El narrador sigue a Franz Biberkopf, un gafe que acaba de salir de prisión tras cumplir condena por asfixiar a su amante. Seguimos sus esforzados intentos por ser una persona honrada, todos infructuosos. Se mete a vendedor callejero de periódicos nacionalsocialistas –episodio narrado no sin ironía por Döblin, que era judío-. Se introduce, sin querer, en varios negocios fraudulentos, uno de los cuales le supone la pérdida de un brazo. Se dedica a dar cariño a los ligues que abandona uno de sus amigos, a cambio de objetos de piel. Su propio ligue acaba asesinada. La tesis del autor parece clara: no vale la pena intentar ser bueno, al menos, en el Berlín de los años 20. Una visión alejada de la feliz y burbujeante ciudad de ese período que siempre nos han vendido.

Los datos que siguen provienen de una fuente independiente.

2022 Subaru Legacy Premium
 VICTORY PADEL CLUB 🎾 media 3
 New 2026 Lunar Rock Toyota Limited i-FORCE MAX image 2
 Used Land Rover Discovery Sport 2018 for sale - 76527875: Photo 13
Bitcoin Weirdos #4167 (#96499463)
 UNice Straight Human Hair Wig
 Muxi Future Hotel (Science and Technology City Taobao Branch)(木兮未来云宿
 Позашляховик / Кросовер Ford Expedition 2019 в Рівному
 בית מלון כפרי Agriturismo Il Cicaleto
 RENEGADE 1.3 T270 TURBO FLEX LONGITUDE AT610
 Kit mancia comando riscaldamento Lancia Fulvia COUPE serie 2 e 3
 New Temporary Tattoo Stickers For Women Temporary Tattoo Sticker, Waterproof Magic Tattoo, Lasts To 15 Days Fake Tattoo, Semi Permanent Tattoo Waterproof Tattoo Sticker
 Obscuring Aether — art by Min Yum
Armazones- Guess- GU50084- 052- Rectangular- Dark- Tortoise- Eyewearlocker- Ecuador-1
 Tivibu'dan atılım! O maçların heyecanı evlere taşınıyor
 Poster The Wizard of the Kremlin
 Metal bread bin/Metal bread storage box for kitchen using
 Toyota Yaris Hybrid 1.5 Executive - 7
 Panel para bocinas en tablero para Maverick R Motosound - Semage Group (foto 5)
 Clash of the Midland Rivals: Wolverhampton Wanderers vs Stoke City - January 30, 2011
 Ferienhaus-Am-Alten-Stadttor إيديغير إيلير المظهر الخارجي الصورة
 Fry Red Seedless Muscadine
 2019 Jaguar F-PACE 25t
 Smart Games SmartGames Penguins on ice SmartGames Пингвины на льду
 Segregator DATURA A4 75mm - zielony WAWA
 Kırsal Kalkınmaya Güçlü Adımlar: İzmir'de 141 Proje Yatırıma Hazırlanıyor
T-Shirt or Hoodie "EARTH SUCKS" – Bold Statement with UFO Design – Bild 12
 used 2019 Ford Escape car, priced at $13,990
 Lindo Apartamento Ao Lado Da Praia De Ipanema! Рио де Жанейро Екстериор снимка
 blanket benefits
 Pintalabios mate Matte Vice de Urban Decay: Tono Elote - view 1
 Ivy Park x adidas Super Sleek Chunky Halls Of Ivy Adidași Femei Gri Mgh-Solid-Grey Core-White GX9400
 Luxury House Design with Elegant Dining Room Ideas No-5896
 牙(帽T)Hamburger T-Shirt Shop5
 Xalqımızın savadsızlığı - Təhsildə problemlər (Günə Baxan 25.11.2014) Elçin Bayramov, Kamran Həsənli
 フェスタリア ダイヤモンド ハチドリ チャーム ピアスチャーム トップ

Este personaje es el hilo conductor, pero no es, ni mucho menos, el único protagonista. En este sentido, la novela bebe de Ulises y de Manhattan Transfer, como también parece inspiración de La Colmena en cuanto a su catálogo de perdedores. Entre los pasos de Franz, siempre alrededor de la Alexanderplatz, eje nocturno de la época, se intercalan peleas callejeras, manifestaciones, encuentros sexuales furtivos en Tiergarten –costumbre que, según parece, se sigue manteniendo- y además citas bíblicas, canciones alemanas populares, cartas –reales, pegadas en el manuscrito original, como el mensaje de suicidio de una de las pacientes del autor- y recortes de periódico. En este último apartado España tiene su hueco: se da fe de un conflicto entre Alfonso XIII y Primo de Rivera y también se narra la llegada en avión de una artista que podemos identificar como Raquel Meller.
Döblin emigró en 1933 y, aunque volvió a Alemania tras la guerra, acabó sus días en Francia, triste y decepcionado. Ni una escultura, ni una humilde placa le recuerdan hoy en la plaza a la que dio fama mundial, transformada completamente pero igual de vibrante que siempre. Como su novela, compleja e irreverente. La vergüenza de Alemania es una gozada.